“Timore e Tremore” di Kierkegaard: salvezza umana e individualità

Timore e Tremore (1843) di Kierkegaard è un’opera magistrale perché offre una delle più interessanti considerazioni filosofiche su che cosa sia la fede in relazione alla ragione e alla morale. Lo scrittore in questione è il padre ante litteram dell’esistenzialismo e l’opera affronta in maniera dettagliata il sacrificio a Dio da parte di Abramo del suo unico figlio Isacco, descritto nell’Antico Testamento e rappresentante una delle massime religiose più influenti del credo cristiano. Kierkegaard con quest’opera cercò, inoltre, di opporsi alla chiesa danese, cercando di riportare il culto cattolico alle origini. Non a caso il titolo dell’opera riprende una frase tratta dalla Seconda lettera ai Corinzi dell’apostolo Paolo: l’individuo deve affrontare da sé Dio, riflettendosi in esso e passando attraverso laceranti passioni. Timore e Tremore rappresenta perciò un nuovo modo di intendere il sentimento in relazione al rapporto con l’altro e ai propri desideri.

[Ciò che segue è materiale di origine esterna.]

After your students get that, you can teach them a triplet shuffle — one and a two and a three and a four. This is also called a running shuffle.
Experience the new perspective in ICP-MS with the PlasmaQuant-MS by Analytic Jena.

 «”E Dio mise alla prova Abramo e gli disse: Prendi Isacco, il tuo unico figlio che tu ami, e va’ nella terra di Moria e sacrificalo ivi in olocausto sul monte che ti mostrerò” [Gen, 22, 1-2] camminando tre giorni in silenzio [scrive Kierkegaard nell’opera] la mattina del quarto giorno, Abramo non disse parola ma, alzando gli occhi vide in lontananza i monti di Moria. […] Si fermò, pose la sua mano sul capo del figlio in segno di benedizione […] ma Isacco non riusciva a capirlo, la sua anima non poteva elevarsi tanto»1.

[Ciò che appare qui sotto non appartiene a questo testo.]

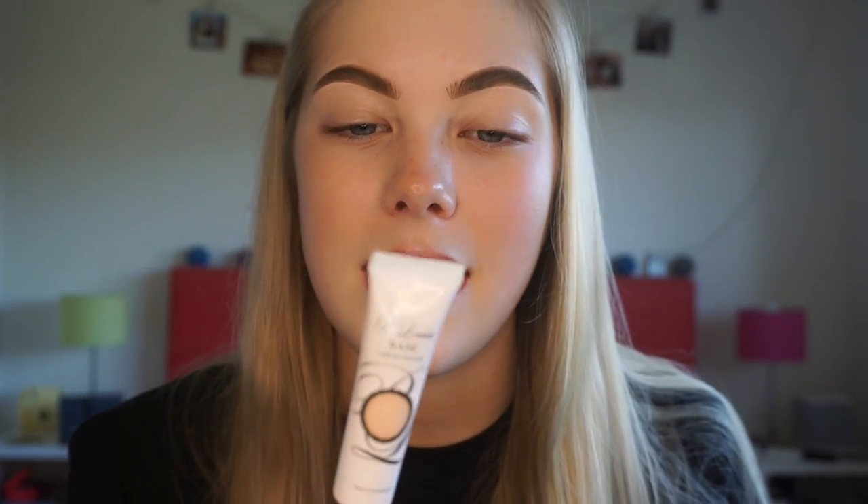So to start off any good eyeshadow look you need to have a really great base underneath. Anyone who's watched my videos before or pretty much ever seen any of my looks knows that I always use the P. Louise base to prime my eyelids. So this one here is in the original Rumour 2 shade, and I'm just going to start by getting that onto my lids.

In parallelo alla descrizione del sacrificio di Abramo a tratti romanzata dal filosofo, c’è anche una lucidissima e profondissima analisi sul valore e il significato di questo sacrificio, sulle conseguenze che da esso scaturirono, sull’immensa angoscia che questa scelta ha generato, ma soprattutto sullinaudito paradosso della fede. Il sentimento religioso emerge così in tutta la sua forza ed evidenzia in prima battuta due concetti molto chiari. Il primo consiste nella libertà di scelta che l’uomo possiede e in secondo luogo affronta la terribile angoscia che può scaturire da questa grandissima libertà. Abramo personifica entrambi gli aspetti, tra ragione e fede.

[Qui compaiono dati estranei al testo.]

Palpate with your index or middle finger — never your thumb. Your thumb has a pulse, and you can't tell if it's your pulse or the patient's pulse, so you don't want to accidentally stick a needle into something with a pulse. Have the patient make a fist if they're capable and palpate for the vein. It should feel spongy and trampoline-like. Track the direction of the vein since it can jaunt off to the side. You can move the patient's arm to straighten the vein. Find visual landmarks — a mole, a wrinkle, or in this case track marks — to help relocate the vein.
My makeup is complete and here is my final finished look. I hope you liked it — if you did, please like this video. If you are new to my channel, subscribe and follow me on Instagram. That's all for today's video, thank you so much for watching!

Dopo il comando di Dio, Abramo obbedì. Pose sull’altare Isacco e mentre si apprestava a compiere l’azione sente la voce di un angelo che lo intima a fermarsi, mentre la sua mano stringe ancora saldamente il pugnale, esattamente un attimo prima che lo stesso ricada su Isacco. Questi non viene dunque sacrificato e Abramo ha superato la prova: riavrà così suo figlio per la seconda volta.
Qui s’innesca il primo terribile paradosso: egli è un omicida mancato oppure il migliore dei figli di Dio?
La questione è basilare ma viene liquidata facilmente tanto dagli atei quanto dai credenti, sostiene Kierkegaard. Il pensatore tuttavia non ha dubbi. Ammira il gesto di Abramo, lo esalta, lo capisce, non lo condanna e scrive: «io non sono in grado di fare il movimento della fede: non posso chiudere gli occhi e precipitarmi fiducioso nelle braccia dell’assurdo, questo è per me impossibile ma non me ne vanto»2.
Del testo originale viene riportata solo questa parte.